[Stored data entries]
[Start of section]
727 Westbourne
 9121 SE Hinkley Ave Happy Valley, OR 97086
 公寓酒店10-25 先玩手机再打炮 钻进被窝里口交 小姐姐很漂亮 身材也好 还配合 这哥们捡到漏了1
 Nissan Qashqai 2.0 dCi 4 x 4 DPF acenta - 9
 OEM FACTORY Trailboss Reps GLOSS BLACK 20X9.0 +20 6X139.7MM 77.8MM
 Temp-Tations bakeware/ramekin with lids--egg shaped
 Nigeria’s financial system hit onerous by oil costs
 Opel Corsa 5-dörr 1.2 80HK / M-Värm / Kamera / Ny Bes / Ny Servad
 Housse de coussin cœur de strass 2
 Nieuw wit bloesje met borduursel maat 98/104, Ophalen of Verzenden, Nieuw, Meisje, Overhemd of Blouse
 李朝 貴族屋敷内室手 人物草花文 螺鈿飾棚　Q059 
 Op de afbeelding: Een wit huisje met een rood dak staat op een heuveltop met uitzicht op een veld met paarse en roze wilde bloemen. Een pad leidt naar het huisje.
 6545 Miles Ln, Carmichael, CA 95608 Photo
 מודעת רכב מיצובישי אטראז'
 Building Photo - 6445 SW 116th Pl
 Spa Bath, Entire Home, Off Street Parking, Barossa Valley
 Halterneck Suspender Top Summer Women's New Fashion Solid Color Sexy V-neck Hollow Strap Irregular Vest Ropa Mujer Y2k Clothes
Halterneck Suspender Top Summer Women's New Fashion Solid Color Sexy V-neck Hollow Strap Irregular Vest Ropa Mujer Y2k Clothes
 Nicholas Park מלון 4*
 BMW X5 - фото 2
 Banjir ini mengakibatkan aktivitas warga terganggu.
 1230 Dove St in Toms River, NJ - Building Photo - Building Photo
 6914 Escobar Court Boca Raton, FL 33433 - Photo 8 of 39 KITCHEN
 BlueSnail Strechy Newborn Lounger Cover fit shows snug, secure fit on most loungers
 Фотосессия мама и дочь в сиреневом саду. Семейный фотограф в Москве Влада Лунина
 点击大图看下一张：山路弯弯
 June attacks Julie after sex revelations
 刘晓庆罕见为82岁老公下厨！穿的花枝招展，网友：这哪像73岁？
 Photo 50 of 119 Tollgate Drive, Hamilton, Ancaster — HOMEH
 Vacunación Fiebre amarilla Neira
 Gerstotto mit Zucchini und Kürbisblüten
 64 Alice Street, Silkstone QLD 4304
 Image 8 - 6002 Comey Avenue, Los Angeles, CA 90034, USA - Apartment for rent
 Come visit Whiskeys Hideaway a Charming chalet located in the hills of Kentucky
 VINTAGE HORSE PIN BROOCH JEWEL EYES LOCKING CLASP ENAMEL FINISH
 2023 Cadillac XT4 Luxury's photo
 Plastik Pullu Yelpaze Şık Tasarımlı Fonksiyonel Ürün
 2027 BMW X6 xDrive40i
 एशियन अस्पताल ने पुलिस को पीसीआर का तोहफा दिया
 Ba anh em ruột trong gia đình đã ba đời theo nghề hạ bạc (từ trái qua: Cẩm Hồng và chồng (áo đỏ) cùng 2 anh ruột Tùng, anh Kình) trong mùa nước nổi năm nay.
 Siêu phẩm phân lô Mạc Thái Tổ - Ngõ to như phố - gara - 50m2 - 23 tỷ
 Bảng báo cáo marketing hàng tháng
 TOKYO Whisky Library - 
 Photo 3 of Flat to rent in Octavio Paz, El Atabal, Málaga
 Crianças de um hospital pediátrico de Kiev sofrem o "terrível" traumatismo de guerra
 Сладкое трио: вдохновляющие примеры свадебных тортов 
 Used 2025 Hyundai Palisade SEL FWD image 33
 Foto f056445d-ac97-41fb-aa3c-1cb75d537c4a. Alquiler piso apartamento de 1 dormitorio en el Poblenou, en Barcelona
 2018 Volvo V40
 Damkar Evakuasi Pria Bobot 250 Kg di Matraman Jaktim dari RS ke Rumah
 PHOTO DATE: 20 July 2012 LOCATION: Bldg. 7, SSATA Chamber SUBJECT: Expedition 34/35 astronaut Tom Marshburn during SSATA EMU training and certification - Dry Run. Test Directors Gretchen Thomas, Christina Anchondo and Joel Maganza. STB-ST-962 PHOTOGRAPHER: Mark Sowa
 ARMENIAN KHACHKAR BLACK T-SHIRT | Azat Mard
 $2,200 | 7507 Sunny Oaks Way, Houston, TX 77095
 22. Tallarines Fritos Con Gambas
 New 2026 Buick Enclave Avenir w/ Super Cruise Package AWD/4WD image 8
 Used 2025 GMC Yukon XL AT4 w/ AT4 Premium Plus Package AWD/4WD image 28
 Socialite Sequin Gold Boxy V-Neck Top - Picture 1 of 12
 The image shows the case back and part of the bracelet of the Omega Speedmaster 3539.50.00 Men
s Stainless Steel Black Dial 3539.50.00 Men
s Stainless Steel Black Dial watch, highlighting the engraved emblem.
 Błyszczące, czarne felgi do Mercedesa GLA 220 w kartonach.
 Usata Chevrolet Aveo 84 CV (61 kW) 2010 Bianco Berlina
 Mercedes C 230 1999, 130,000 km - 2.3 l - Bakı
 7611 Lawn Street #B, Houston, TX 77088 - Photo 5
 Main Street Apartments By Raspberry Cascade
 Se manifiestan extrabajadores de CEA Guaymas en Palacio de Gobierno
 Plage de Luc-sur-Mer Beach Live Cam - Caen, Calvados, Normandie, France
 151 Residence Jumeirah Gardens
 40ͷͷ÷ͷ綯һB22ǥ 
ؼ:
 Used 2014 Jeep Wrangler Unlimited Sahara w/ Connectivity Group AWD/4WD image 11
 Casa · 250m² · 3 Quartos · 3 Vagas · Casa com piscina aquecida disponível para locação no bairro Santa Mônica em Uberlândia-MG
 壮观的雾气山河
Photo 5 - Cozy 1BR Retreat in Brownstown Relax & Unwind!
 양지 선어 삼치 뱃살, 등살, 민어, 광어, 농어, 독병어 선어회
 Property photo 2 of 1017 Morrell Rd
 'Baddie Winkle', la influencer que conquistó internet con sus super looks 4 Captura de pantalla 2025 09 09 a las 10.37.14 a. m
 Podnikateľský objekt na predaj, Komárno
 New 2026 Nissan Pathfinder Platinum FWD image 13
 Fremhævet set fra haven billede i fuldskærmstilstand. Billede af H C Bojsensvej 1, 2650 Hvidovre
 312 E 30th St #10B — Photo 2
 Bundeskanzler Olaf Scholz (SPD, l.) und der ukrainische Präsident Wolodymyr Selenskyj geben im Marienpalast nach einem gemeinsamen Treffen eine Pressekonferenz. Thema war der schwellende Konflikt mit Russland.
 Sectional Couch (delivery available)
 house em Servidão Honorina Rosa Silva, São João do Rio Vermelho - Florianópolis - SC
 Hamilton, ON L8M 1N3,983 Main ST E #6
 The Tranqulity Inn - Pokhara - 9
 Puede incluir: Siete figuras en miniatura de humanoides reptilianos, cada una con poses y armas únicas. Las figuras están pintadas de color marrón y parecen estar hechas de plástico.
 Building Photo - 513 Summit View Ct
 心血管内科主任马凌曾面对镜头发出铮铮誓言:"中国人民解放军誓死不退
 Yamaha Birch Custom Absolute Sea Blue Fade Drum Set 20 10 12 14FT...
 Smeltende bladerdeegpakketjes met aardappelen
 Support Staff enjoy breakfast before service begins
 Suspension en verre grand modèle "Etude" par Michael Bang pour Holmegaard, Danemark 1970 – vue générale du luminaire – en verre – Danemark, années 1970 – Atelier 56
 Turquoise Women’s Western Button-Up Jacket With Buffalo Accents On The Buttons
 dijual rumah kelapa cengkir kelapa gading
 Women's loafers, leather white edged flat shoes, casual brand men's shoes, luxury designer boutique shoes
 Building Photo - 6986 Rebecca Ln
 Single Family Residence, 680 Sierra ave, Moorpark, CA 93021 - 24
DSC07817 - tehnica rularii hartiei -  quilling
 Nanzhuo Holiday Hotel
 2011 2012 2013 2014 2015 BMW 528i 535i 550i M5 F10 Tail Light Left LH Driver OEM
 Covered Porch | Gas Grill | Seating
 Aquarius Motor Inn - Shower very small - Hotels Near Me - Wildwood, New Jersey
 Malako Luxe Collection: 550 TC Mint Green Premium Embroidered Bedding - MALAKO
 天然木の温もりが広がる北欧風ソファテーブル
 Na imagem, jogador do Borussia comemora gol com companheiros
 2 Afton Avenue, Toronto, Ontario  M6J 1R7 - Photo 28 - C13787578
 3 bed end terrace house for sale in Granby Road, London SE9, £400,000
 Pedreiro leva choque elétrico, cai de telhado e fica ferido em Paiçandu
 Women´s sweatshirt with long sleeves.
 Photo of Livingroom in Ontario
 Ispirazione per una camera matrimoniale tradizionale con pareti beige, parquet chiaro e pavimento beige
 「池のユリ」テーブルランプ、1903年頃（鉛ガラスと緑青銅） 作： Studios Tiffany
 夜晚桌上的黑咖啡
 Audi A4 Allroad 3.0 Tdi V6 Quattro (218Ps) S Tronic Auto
[End of section]
WHAT YOU SHOULD DO
Filter the records above for the string "Residence" and copy each matching line.

RESPONSE
 151 Residence Jumeirah Gardens
 Single Family Residence, 680 Sierra ave, Moorpark, CA 93021 - 24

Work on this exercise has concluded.